In San Bruno, Aging Pipelines Precluded Safety Test
The Los Angeles Times has a great story this morning on the natural gas pipeline that exploded in San Bruno last week, killing at least four people and destroying dozens of homes. It turns out the pipeline, which was installed in 1956, was too old to accommodate an inspection tool that experts say is the best option for ensuring the safety of pipelines.
This story underscores yet another problem with the country’s massive system of pipelines: it’s getting old. So old that many pipelines can’t accommodate the best technology for conducting inspections, even though the oldest pipelines need adequate inspections the most.
According to the story:
[A]n in-line device known as a pig, which can run inside a large gas transmission line, could not be used in the 51.5-mile section from Milpitas to San Francisco because of bends and changes in the pipe’s diameter, PG&E President Chris Johns told reporters at a news conference.

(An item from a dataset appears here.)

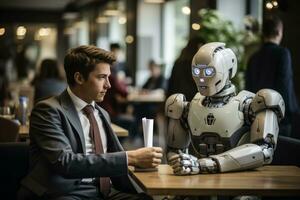 ein Mann und ein ai Roboter erwarten ein Job Interview foto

Though Johns stressed to reporters that PG&E, the owner of the pipeline, used other “proven methods” to inspect the pipeline, a former pipeline regulator tells the Times that the so-called “pig” is the best way to inspect pipelines.
The Times continues:
By law, new pipelines must accommodate the devices, but many older lines cannot and owners are not required to replace them because it would be enormously expensive, De Leon said. The ruptured pipeline was installed in 1956.